🤖 AI Summary
Existing models for predicting neural population activity rely solely on Pearson correlation, neglecting critical structural information such as temporal dynamics, spatial patterns, and amplitude relationships. To address this limitation, this work establishes the first large-scale autoregressive prediction benchmark using 105 Neuropixels sessions encompassing approximately 89,800 neurons, evaluating seven architectural families—including state-space models (SSMs), Transformers, LSTMs, and spiking neural networks (SNNs).
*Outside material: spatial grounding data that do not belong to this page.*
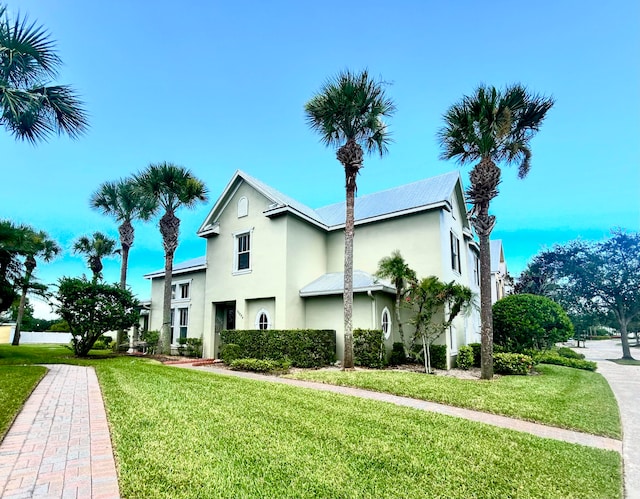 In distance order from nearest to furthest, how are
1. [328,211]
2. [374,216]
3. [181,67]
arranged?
1. [374,216]
2. [181,67]
3. [328,211]

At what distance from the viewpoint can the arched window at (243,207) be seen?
1927 cm

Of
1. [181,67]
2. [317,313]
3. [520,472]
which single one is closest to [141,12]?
[181,67]

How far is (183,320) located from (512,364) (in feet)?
63.0

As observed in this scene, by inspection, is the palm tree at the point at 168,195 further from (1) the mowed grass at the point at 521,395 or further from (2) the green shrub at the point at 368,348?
(2) the green shrub at the point at 368,348

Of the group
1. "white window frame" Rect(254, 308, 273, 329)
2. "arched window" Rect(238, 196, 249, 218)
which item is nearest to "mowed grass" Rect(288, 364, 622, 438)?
"white window frame" Rect(254, 308, 273, 329)

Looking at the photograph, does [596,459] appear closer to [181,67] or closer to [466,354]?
[466,354]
The study introduces a novel evaluation framework that decomposes predictive performance into temporal fidelity, spatial pattern accuracy, and amplitude-invariant alignment. This approach reveals a hierarchical organization of predictability across brain regions (ΔR² = 0.018), identifies a sub-Poisson lower bound on prediction error, and demonstrates the limitations of both artificial-to-spiking neural network distillation and conventional metrics in capturing biophysically constrained performance limits.
📝 Abstract
Neural population models, which predict the joint firing of many simultaneously recorded neurons forward in time, are typically evaluated by a single aggregate Pearson correlation $r$ between predicted and actual spike counts, a number that masks critical structure. We argue that how we evaluate spike forecasting matters as much as what we build, and introduce SpikeProphecy, the first large-scale benchmark for causal, autoregressive spike-count forecasting on real electrophysiology recordings. Our core contribution is a population metric decomposition that separates aggregate performance into temporal fidelity, spatial pattern accuracy, and magnitude-invariant alignment. The decomposition surfaces aspects of the underlying data that an aggregate scalar collapses together. We apply the protocol to 105 Neuropixels sessions (Steinmetz 2019 + IBL Repeated Site; ~89,800 neurons) with seven architecture baselines spanning four structural families: four SSMs (three diagonal and one non-diagonal), a Transformer, an LSTM, and a spiking network. The decomposition surfaces a brain-region predictability ranking that reproduces across all seven baselines and survives ANCOVA correction for firing-statistics constraints (region $ΔR^2 = 0.018$ above the firing-statistics covariates). It also exposes a sub-Poisson evaluation floor where rigorous metrics combine with genuine biophysical constraints on regular spike trains, and yields a negative result on KL-on-output-rates distillation for ANN-to-SNN transfer in this Poisson count domain.